In a house she was a timid indoors cat, only going out in very nice weather, doing what she wanted to do and coming straight back in. In the motorhome she found a new lease of life. Although happy using the litter tray she decided it was more fun going out exploring. She acted as though she'd become a kitten again. So we got the passport. That was last September. She's now been with us through 12 sites, through France, to southern Spain and back to the North East of Spain and has been out, on her own on every site. She loves travelling, moving freely through the motorhome. She once got a little confused when we changed pitches in the uk, she went back to the old pitch, otherwise always finds her way home, I do worry the first time she jumps out the window, but as I say always knows where to come back, and seeing the pleasure it gives her would not want to deny her of her freedom. She is still timid of other people so I am sure only goes into bushes and tree areas, especially as in old age she's discovered she's a mouser.


----------



## Grizzly (May 9, 2005)

I'm only an ex-cat owner but I did see an excellent idea in action in a van near us in Saltzburg.

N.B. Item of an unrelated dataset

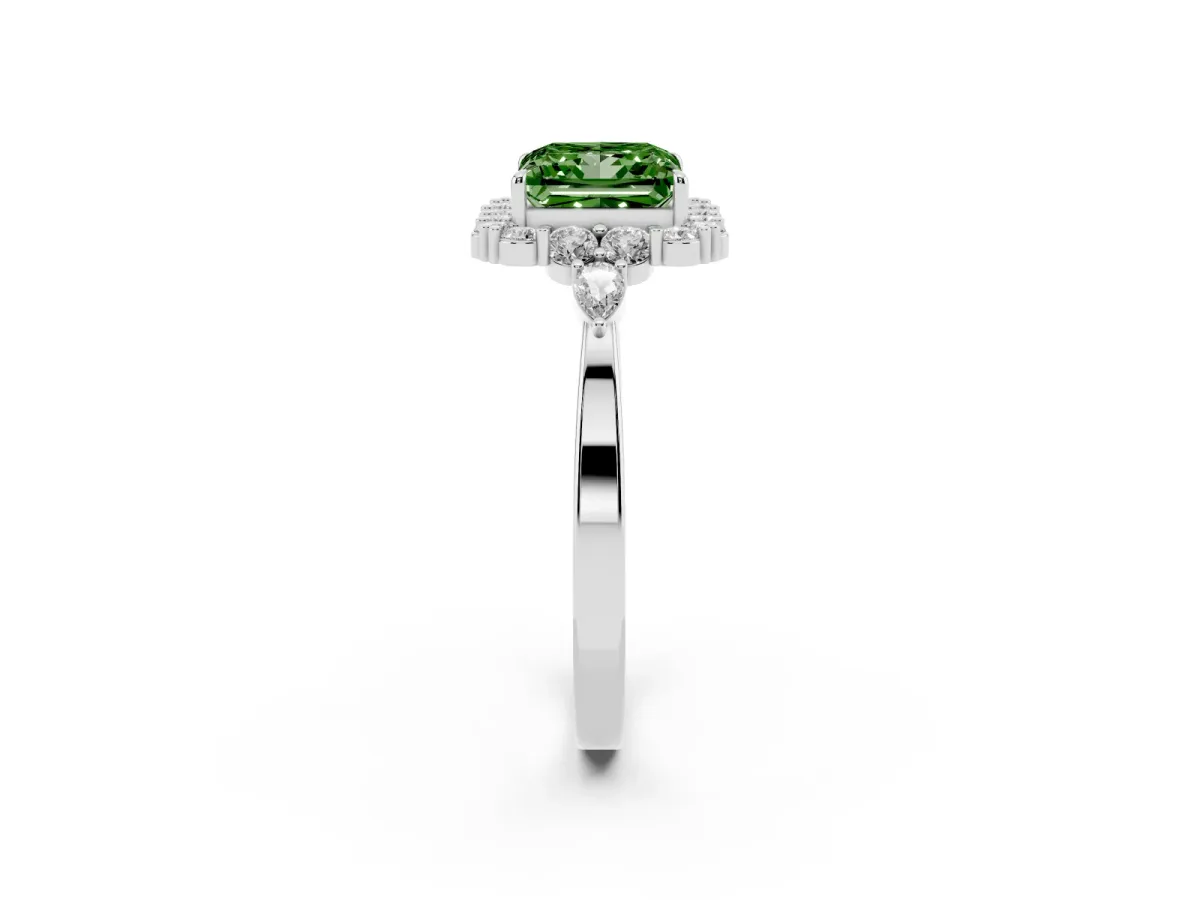 Fancy Green Princess Cut Diamond Halo Ring with Pear Side Stones and Prong Setting Platinum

The cat had a collar with about 2 metres of soft cord attched. There was a tennis ball sized ball ( one of those plastic open basket types) tied firmly to the end of the cord.

Thw owner let the cat loose but followed it at a distance. The cat was able to explore and enjoy itself but, if it attempted to run off too far the ball would soon get entangled in any bushes or a fence and the owner could follow at leisure and catch up with it.

Apparently it worked very well indeed and they had taken the cat with them all over the place.

G


----------



## mygalnme (Jul 12, 2009)

Thanks for useful posts above. Realised I had put on as Crazyhead,after had pressed thanks button, now mygalnme


----------